Les formes traditionnelles de sociabilité et surtout d’affectivité
sont mal vues. Ainsi, les rapports maîtres/serviteurs, riches/pauvres,
amis/clients sont désormais mieux institués. Les relations qu’une
personne peut avoir avec une autre sont davantage formalisées par
l’âge, le sexe, le milieu social, la famille. Une trop grande
différence d’âge entre deux amis (hommes) devient vite suspecte.
On imagine qu’il peut y avoir autre chose que de l’amitié,
comme par exemple, des formes d’affection et d’intimité
réservées, en général, aux membres de la famille (parents/enfants).
(2) On note aussi, au xviiie siècle, une réduction importante du
caractère intimiste de l’amitié. Si, pour les Grecs, l’idéalisation
de l’amitié comme vertu s’accompagnait d’une indifférence
pour l’amour hétérosexuel, à partir du Siècle des lumières,
l’amour (essentiellement hétérosexuel) entre en compétition
avec l’amitié, elle menace même les liens d’amitié (Gerson,
1974). La sociabilité s’apprend en famille comme l’amitié
se vit en son sein. Les relations d’amitié se déroulent au
sein de la famille, dans son espace privé (la maison) et non plus
dans le cadre public de la société. Toute une série de rapports
sociaux qui se déroulent hors de l’espace privé de la famille
et de la maison — les amitiés entre hommes, la camaraderie,
la démonstration publique d’affectivité entre hommes et les
relations hommes/garçons, vieux/jeunes — sont mis en cause.
Cette problématisation de l’amitié s’inscrit aussi
dans le processus d’émergence de ce que Foucault (1976) a
nommé le bio-pouvoir, c’est-à-dire ce type de pouvoir politique
qui fait de la vie l’objet principal de ses préoccupations.

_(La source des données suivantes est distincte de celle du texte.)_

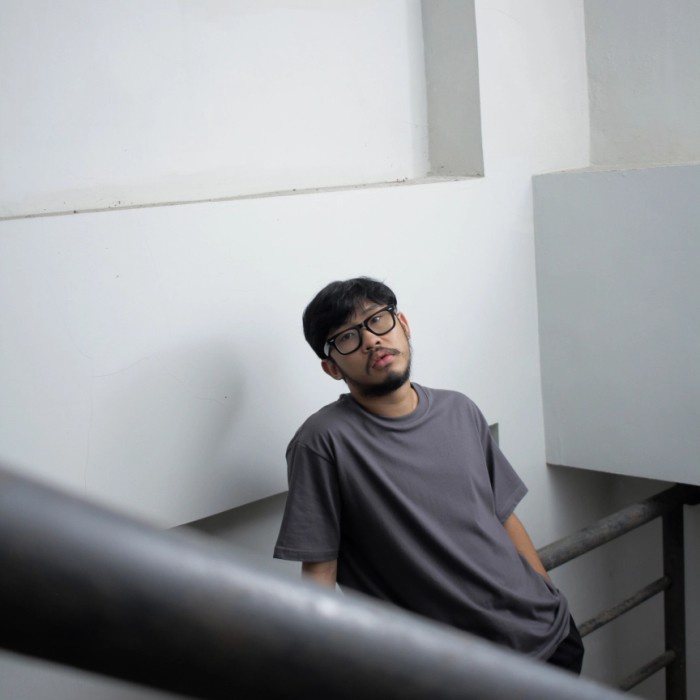 Kaos Polos Cotton Combed 24s - Merchcons Blank Tshirt Gun Metal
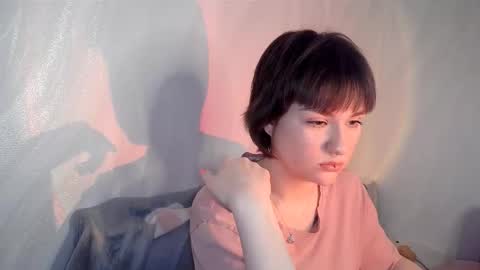 Snapshot of uwujudyosas chatting on 02-17-26, 10:56 Judy online show from 02-17-26, 10:56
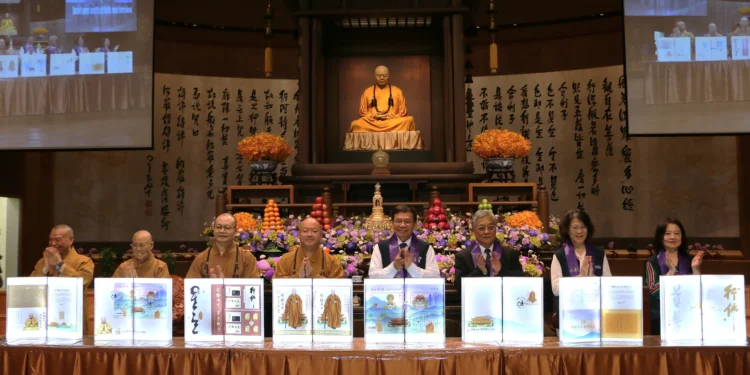 傳承人間佛教善美價值 中華郵政發行「傳燈六十.百年仰望郵票」 1 IMG 2756 scaled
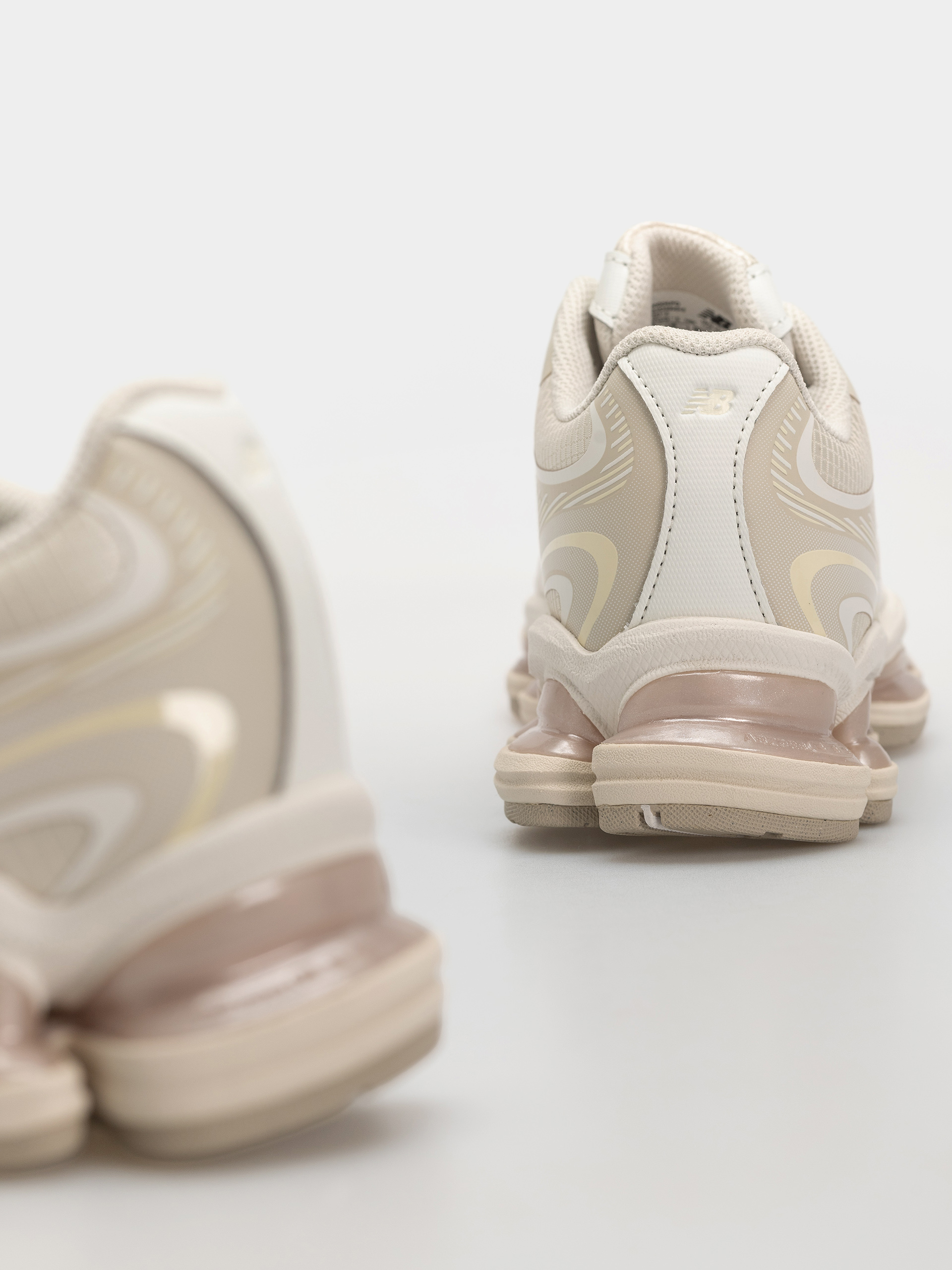 Pantofi New Balance 2000 (linen/sea salt/timberwolf)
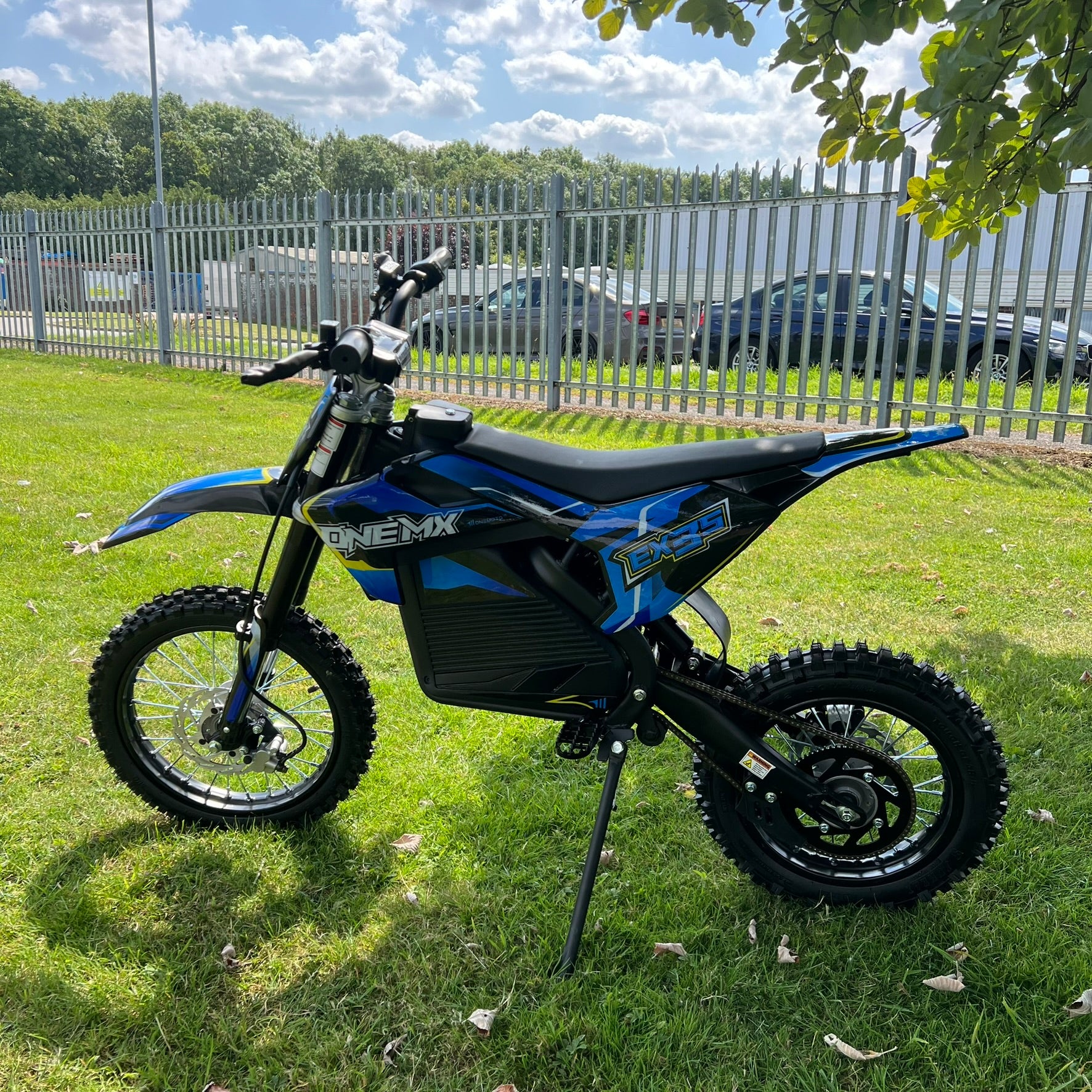 48V 1600W Lithium Electric Dirt Bike for Teens | OneMoto™ OneMX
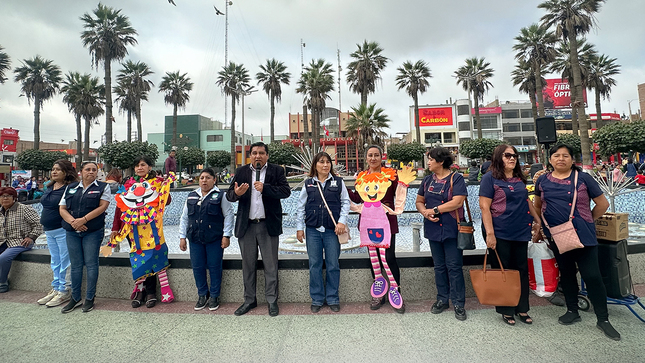 #Educación l El último fin de semana, la plaza de armas fue el escenario del lanzamiento "CREANDO ESPACIOS DE JUEGO Y APRENDIZAJE EN MI COMUNIDAD", iniciativa realizada por la UGEL Chincha con apoyo del gobierno local.
Este espacio contó con dinámicas, juegos didácticos y zonas de lectura y aprendizaje. 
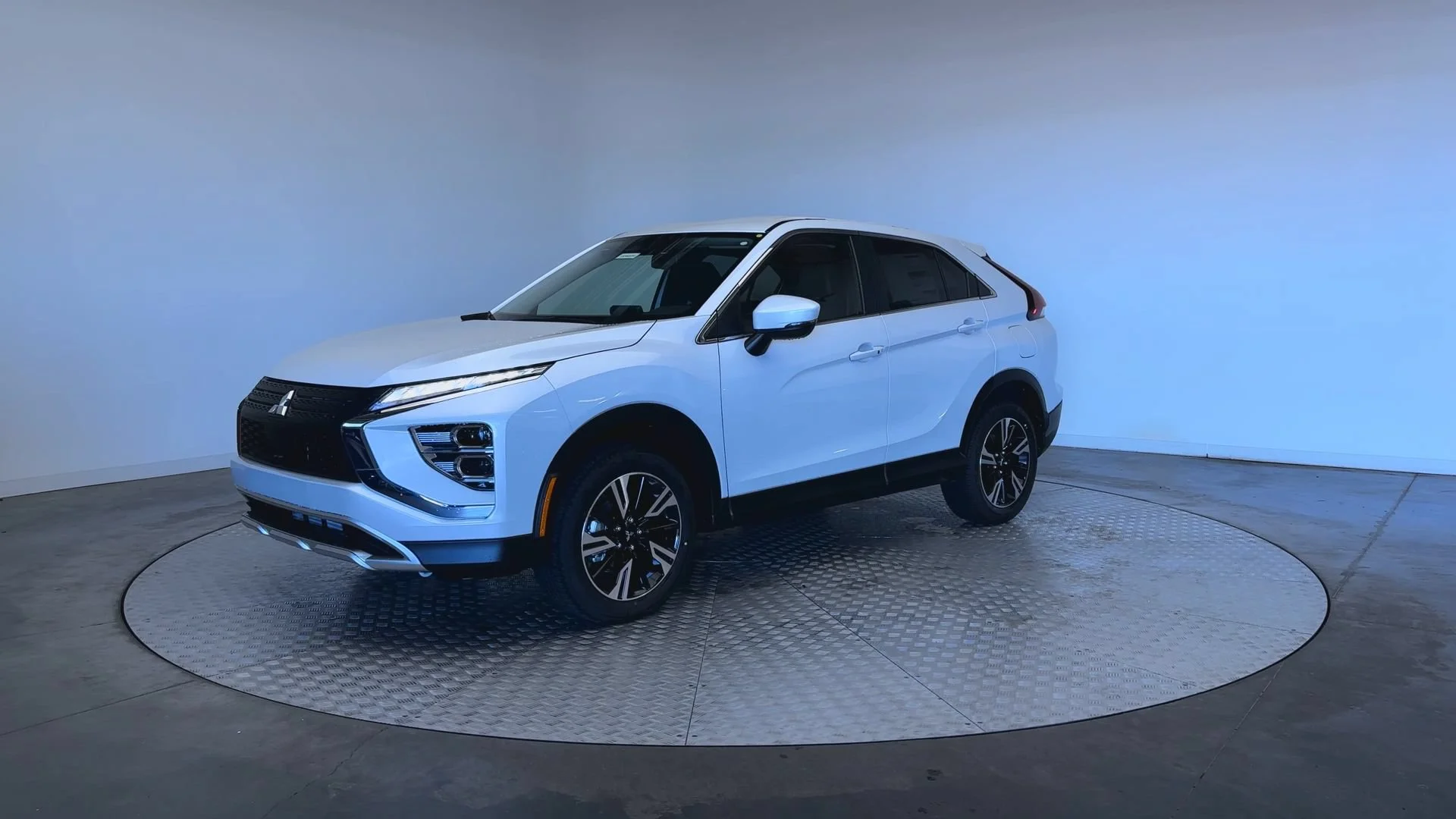 New 2026 White Diamond Mitsubishi SE image 4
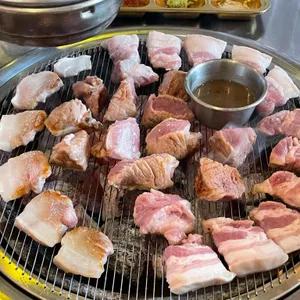 옹달샘 합정 고깃집 사진
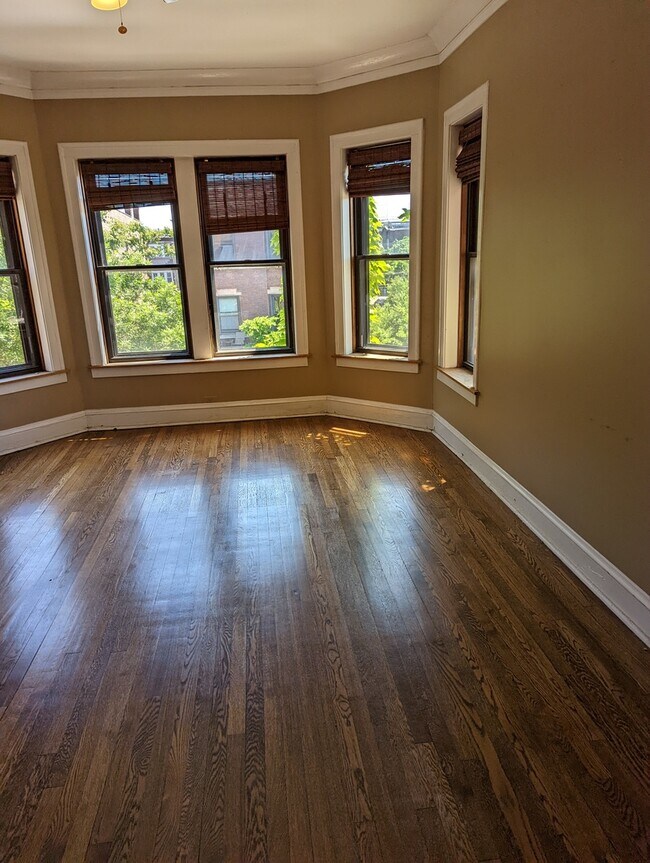 Foto del edificio - 3702 N Lakewood Ave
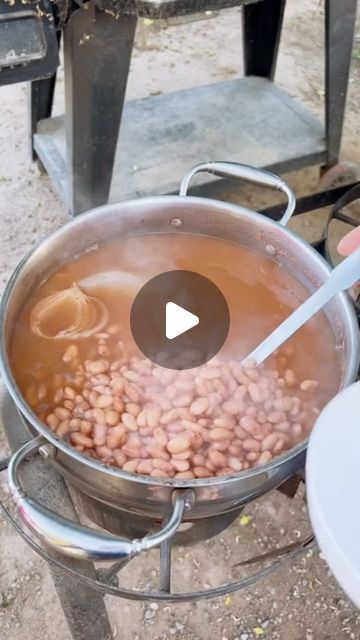 Rebeca Coss Guerrero on Instagram: "Receta de frijoles charros" Frijoles Borrachos Recipe, Charro Beans, Mexican Food Recipes Authentic, Mexican Dishes, Outdoor Parties, Bon Appetit, Food Dishes, Mexican Food Recipes, Food Videos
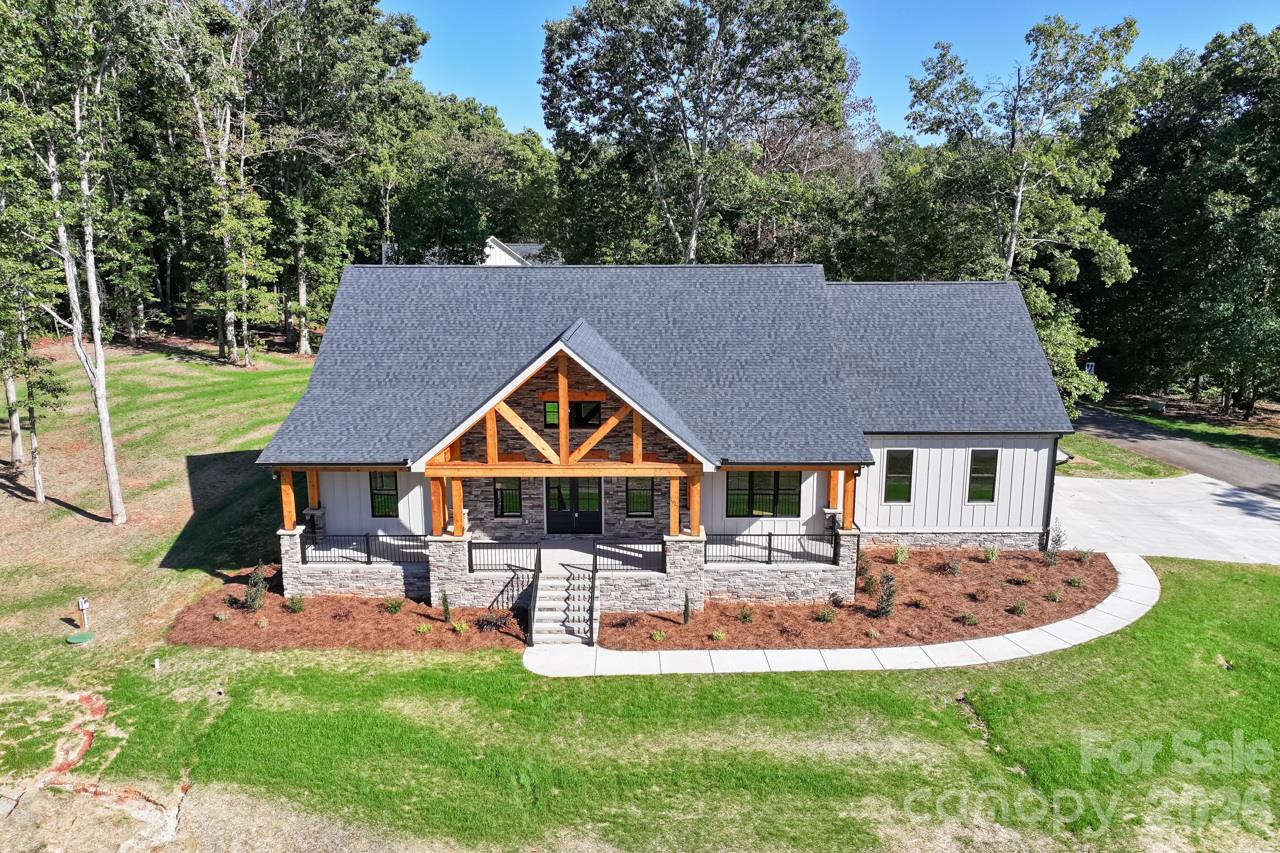1922 Clay Hill Lane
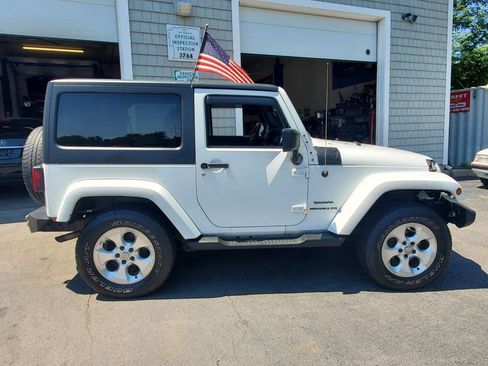 Used 2014 Jeep Wrangler Sahara w/ Connectivity Group image 9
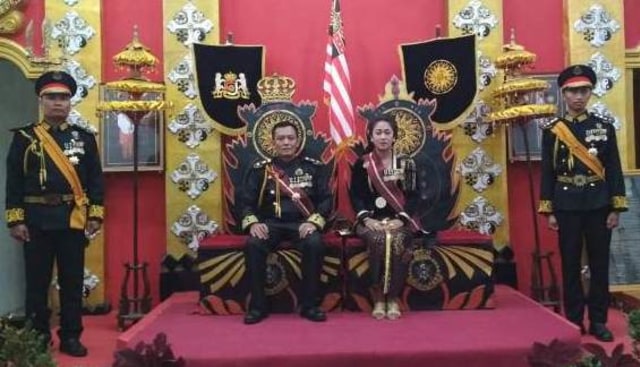 Raja dan Keraton Agung Sejagad, Sinuhun Totok Santoso Hadiningrat dan Raty, Kanjeng Ratu Dyah Gitarja. Foto: Istimewa.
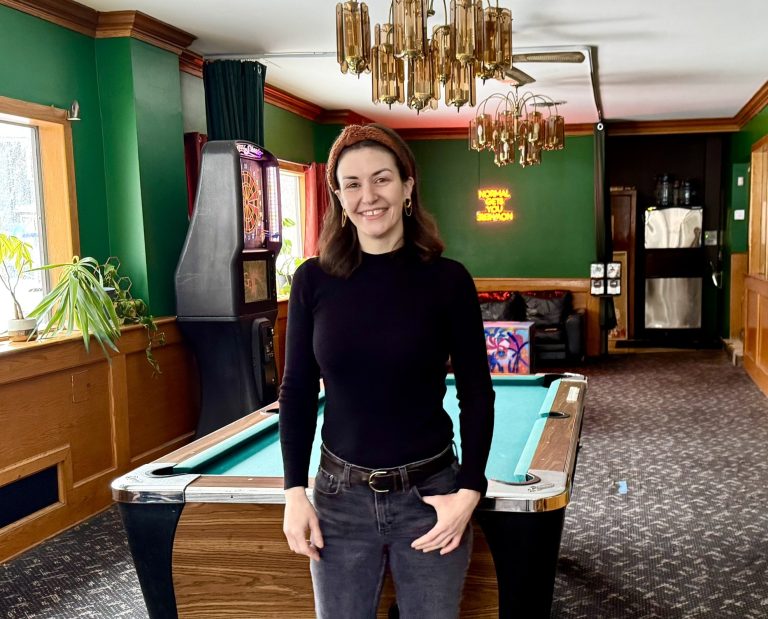 Read more about the article Sunday News: New generation at Milkie’s Lounge launches vegan-friendly menu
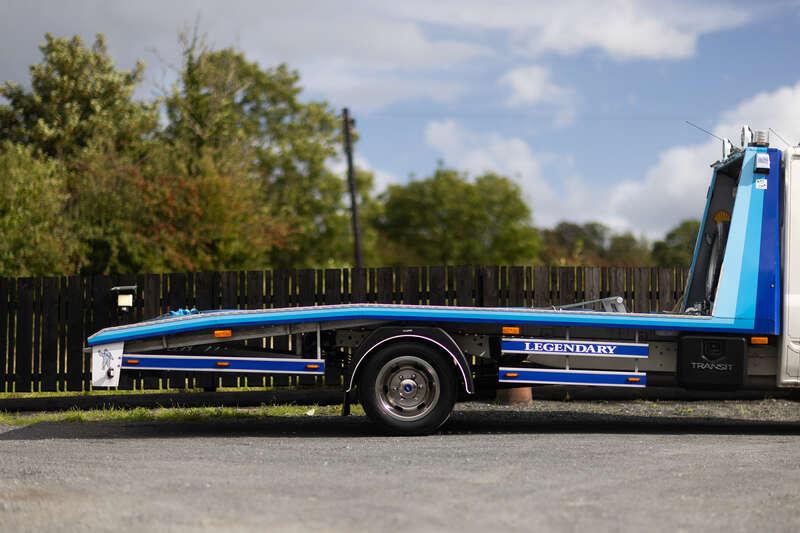2005 Ford RECOVERY TRUCK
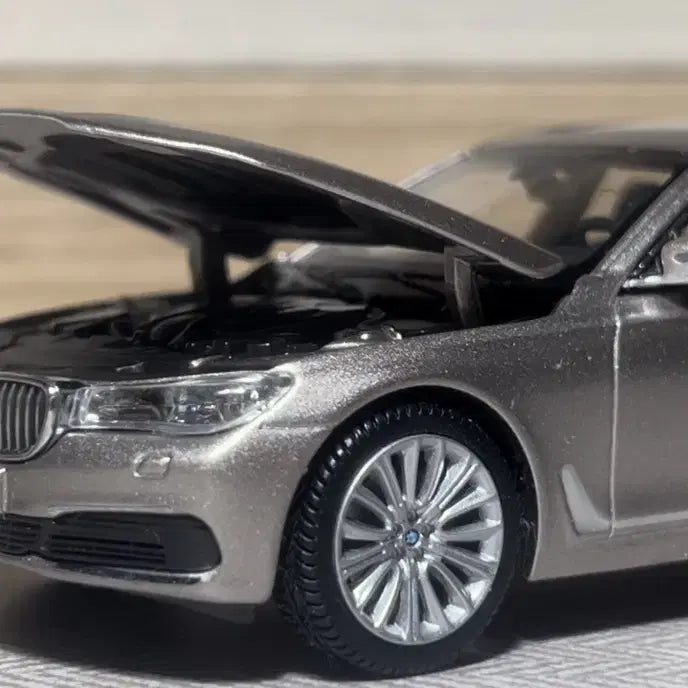 [SOLD OUT] 1:43 BMW 750li (G11) 샴페인골드 다이캐스트 판매합니다.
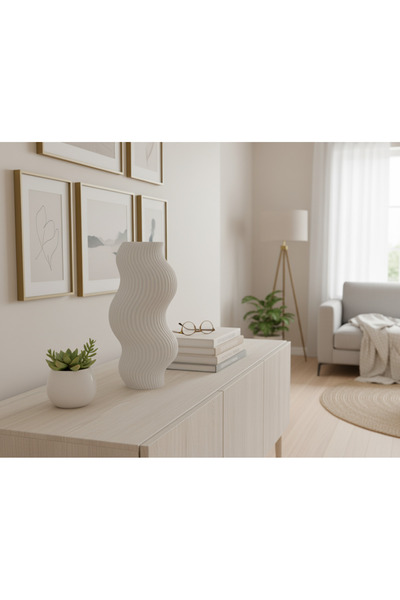 Figmentra مزهرية زخرفية منحنية - 23 × 9 سم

Le bio-pouvoir s’intéresse à la vie, à tout ce qui peut la
reproduire, la menacer (santé, mort), la contrôler, ainsi qu’aux
conditions d’existence.
L’homme occidental apprend peu à peu ce que c’est
que d’être une espèce vivante dans un monde vivant, d’avoir
un corps, des conditions d’existence, des probabilités de
vie, une santé individuelle et collective, des forces qu’on
peut modifier et un espace où on peut les répartir de façon optimale.
Pour la première fois sans doute dans l’histoire, le biologique
se réfléchit dans le politique le fait de vivre n’est plus
ce soubassement inaccessible qui n’émerge que de temps en
temps, dans le hasard de la mort et sa fatalité il passe pour une
part dans le champ de contrôle du savoir et d’intervention
du pouvoir (p. 187).
C’est à partir de la problématisation de l’amitié
que le bio-pouvoir contribue à l’émergence de l’homosexualité
et des homosexuels. Comment De deux façons: (1) En interrogeant
ce que Foucault a appelé la sexualité périphérique, c’est-à-dire
les conduites sexuelles qui ne respectent pas les règles, les façons
de faire ou les finalités de la relation conjugale (hétérosexuelle).
Il s’agit moins de condamner ces conduites, même si cela s’est
souvent produit, que de les interroger, d’en comprendre le
fonctionnement secret et de les rapporter à la vie des individus.
Le corps médical, quant à lui, cherche d’abord à déchiffrer
ces pratiques sexuelles (sexualité des enfants, onanisme, amour
pour les gens du même sexe), à les nommer, à déterminer si elles
ont un effet pathologique sur l’individu ou sur les rapports
de l’individu à son environnement. On comprend alors qu’on
ait pu poser la question suivante: Qu’est-ce qui se passe
dans ce type de relations que les hommes entretiennent entre eux
L’amitié comme type de relations sociales ne va pas disparaître
avec cette nouvelle préoccupation pour la vie des individus, elle
va seulement changer de forme. (2) Ensuite, ce savoir sur la vie,
qui concerne dans ce cas-ci la sexualité, donne prise à un pouvoir
d’intervention et de contrôle. Le savoir médical, pour ne
prendre que cet exemple (car le discours judiciaire participe aussi
à ce type de pouvoir), ne produit pas seulement de la connaissance.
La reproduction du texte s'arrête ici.